A Conversation with ‘Mill Town’ Author Kerri Arsenault
In addressing environmental concerns, questions can be as important as answers.
Join Institute fellow Kerri Arsenault, author of Mill Town: Reckoning with What Remains, for a conversation on the joy, challenge, and urgency of writing about our environments.
The book examines the legacy of a paper mill that provided livelihoods for the residents of rural Mexico, Maine, for more than a century, including three generations of Arsenault’s family.
Weaving narrative nonfiction, investigative memoir, and cultural criticism, Mill Town illuminates the rise and collapse of the working class, the hazards of loving and leaving home, and the ambiguities of toxins and disease with the central question: Who or what are we willing to sacrifice for our own survival?
Mill Town has received numerous prizes, including the 2021 Rachel Carson Environmental Book Award, and was a New York Times Editors’ Choice. This year, Mill Town received a special mention for the inaugural Inge Feltrinelli Prize, dedicated to women writers who have used their voices in defense of human rights.
Arsenault is also a literary critic, codirector of Brown University’s Environmental Storytelling Studio, contributing editor at Orion magazine, and a Democracy Fellow at Harvard University’s Charles Warren Center for Studies in American History.
Arsenault is currently conducting archival research at the Science History Institute as the Ullyot Scholar at the Beckman Center for the History of Chemistry. Her primary interest and projects orbit around environmental storytelling and the lives of ordinary people and their intersection with waste, pollutants, and toxicities.
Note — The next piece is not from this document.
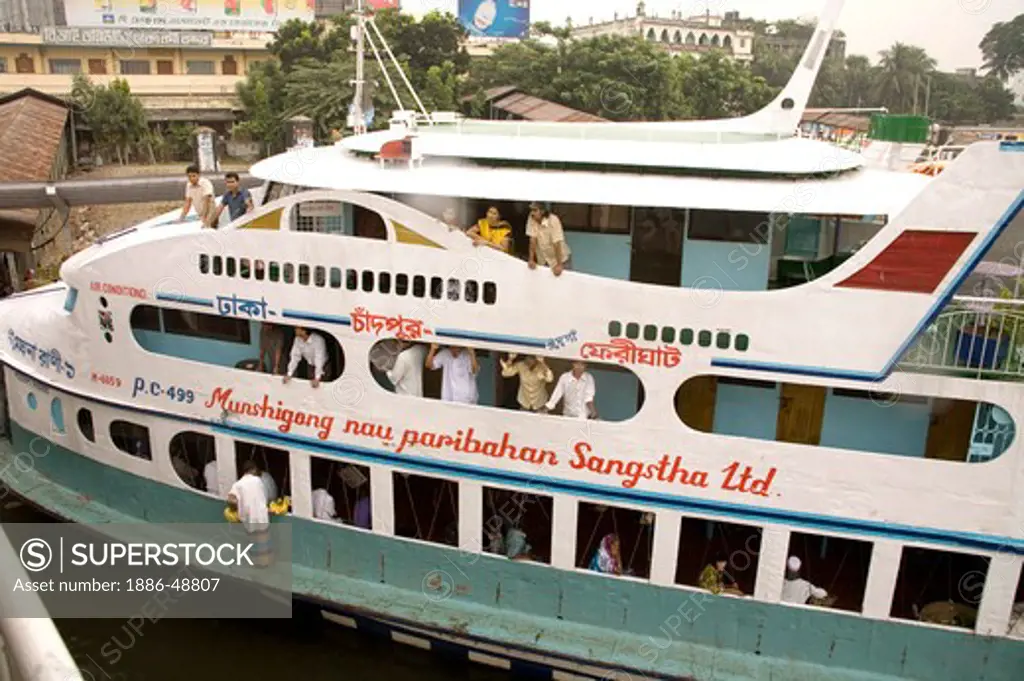 People traveling in cruise boat in Burigunga Buri Gunga River ; Sadarghat Boat terminal ; Dhaka ; Bangladesh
A reception with light refreshments will follow the conversation. This event is free and open to the public.
About Fellow in Focus
The Rohm and Haas Fellow in Focus Lecture series gives the Institute’s scholars an opportunity to present their work to a broad audience interested in history, science, and culture. Fellow in Focus lectures are presented by the Beckman Center for the History of Chemistry.